Going Dutch and Paying Taxes

by Elias Blum

Readers of this blog might not know that I have relocated from Scotland to the Netherlands, primarily for work reasons. This move actually took place some months ago and I’ve had an opportunity to get used to Dutchness – the weather (better than Scotland), the food (worse than Scotland) and the culture (quite similar to Scotland, in lots of ways, but disorientatingly different in others).

On the whole, it’s a great country. Things work. Public transport is excellent. The streets are clean and safe. There’s a healthy, balanced lifestyle. People treat one another as equals. I’ve seen fewer beggars in months in the Hague than I would see in a day in Edinburgh or Glasgow.

I’ve even had my first experience of voting in a Dutch election. As an EU citizen resident in the Netherlands, I can vote in municipal and European elections, as well as elections for the local ‘waterschap’. The waterschap is the body that is responsible for maintaining the dikes and the dams that keep the water out of the country – and they are also some of the oldest democratic institutions in the world, with a continuous existence going back to the middle ages.

One of the things that there is in the Netherlands, though, is quite a lot of tax.  It’s going to be a slightly lean month, because I’ve got a 760 Euro tax bill to pay to the municipality and to the waterschap. But I really don’t mind. In a just and fair society (which the Netherlands pretty much is), where corruption is minimal and where the common good is the principal object of public affairs, paying tax is an honour not a burden. Taxes are an opportunity to contribute, in some small but tangible way, to the common good in which we all share.

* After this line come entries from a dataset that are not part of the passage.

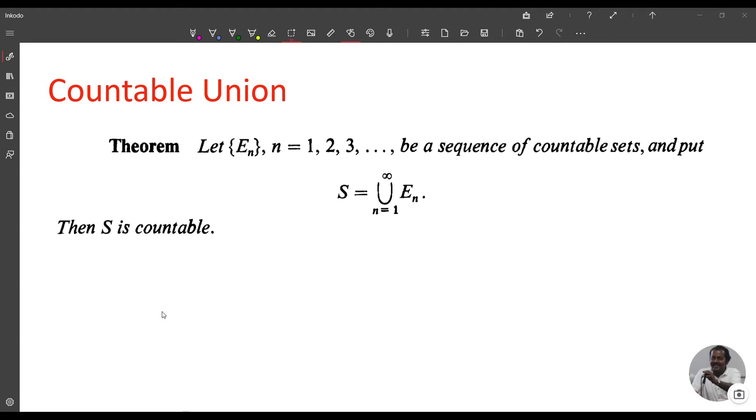Welcome to today's class on real analysis. Today we discuss some theorems on countable union of sets.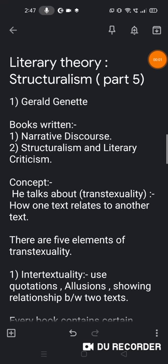Hello friends, welcome to English Study Point. Today in this lecture I am talking about Gerald Genette who is part of Structuralism, and in this lecture I am talking about various types of concepts given by him as well as famous books written by him. So let's start.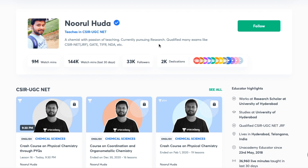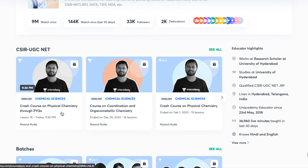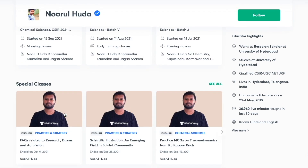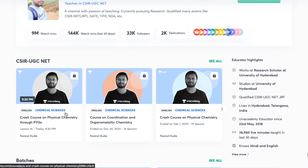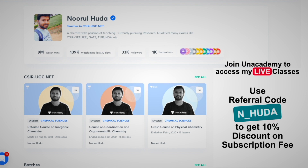Hey guys, I also teach live on the Unacademy Plus platform under the CSIR NET category. You can follow me there for regular classes — free classes are available under the Special Classes section, and paid live classes require an Unacademy Plus subscription. The paid classes cover the whole syllabus in an organized and regular manner. Make sure to take the Unacademy Plus subscription using my referral code: N_HUDA. Thank you so much.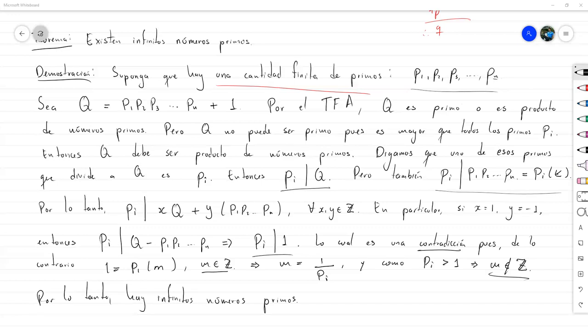Ya sabemos que hay una cantidad infinita de números primos. Pero ¿habrá alguna fórmula que me diga quiénes son o cómo encontrarlos? No hay una fórmula que, dado un número, siempre me asegure que el resultado sea primo. No hay fórmula todavía que, si le doy un número, el resultado siempre sea un número primo.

Thanks to good governance and a relatively high quality of democracy, I don’t feel I’m being robbed by a distant or wasteful state that wants to spend money on, say, nuclear weapons. Instead, I feel glad that I’m doing my bit towards maintaining a decent society.

I just wish the mega-corporations and the super-rich, in the UK and elsewhere, felt the same. If they would adopt a less selfish and more civic attitude towards the payment of taxes, we could all be better off.